Несомненный плюс книги — представление авторов от первого лица. Не традиционная “справка”, а именно полноценное представление, перемежающее сухие факты (даты, публикации, премии и т.д.) со свободными и ненавязчивыми размышлениями о собственной жизни и творчестве. Такое предварение стихов рисует перед читателем живой облик поэта, создает атмосферу задушевного, “кухонного” общения, диалога, доверительного разговора, апеллирующего к читателю как к со-творцу.

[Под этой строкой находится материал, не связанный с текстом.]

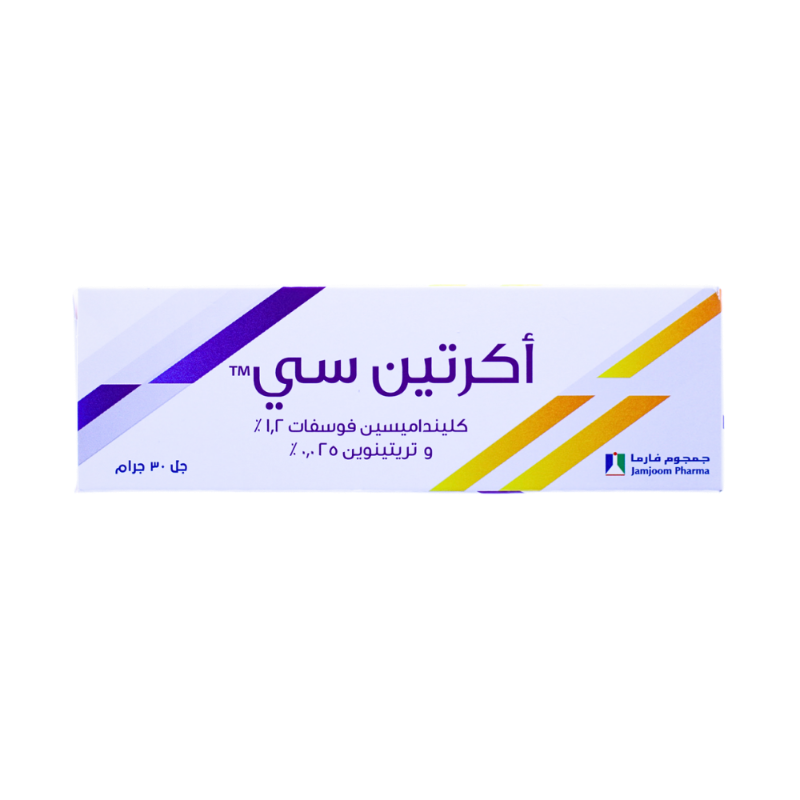 ACRETIN C GEL 30G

Итак, в этой книге собраны очень разные, на поверку, стихи. Никакого голоса поколения здесь нет и не надо. Зато — что гораздо важнее — есть голос Личности — думающей, чувствующей, выживающей и умирающей стихом. Главное — желание “всю боль мятущейся души / вложить в трепещущее слово” (Д. Мизгулин), “чтоб переплавить в слово бытие” (М. Котова). А это присутствует у всех представленных поэтов. И не надо никого искусственно “канонизировать”. Надо писать стихи. А там уже время рассудит. Не “наше” и не “ваше”, а общее, метафизическое…
Впрочем, издание задумано как серийное. И, возможно, следующий том, познакомив с новым рядом творческих индивидуальностей, заметно скорректирует первоначальное впечатление. Так что интрига сохраняется!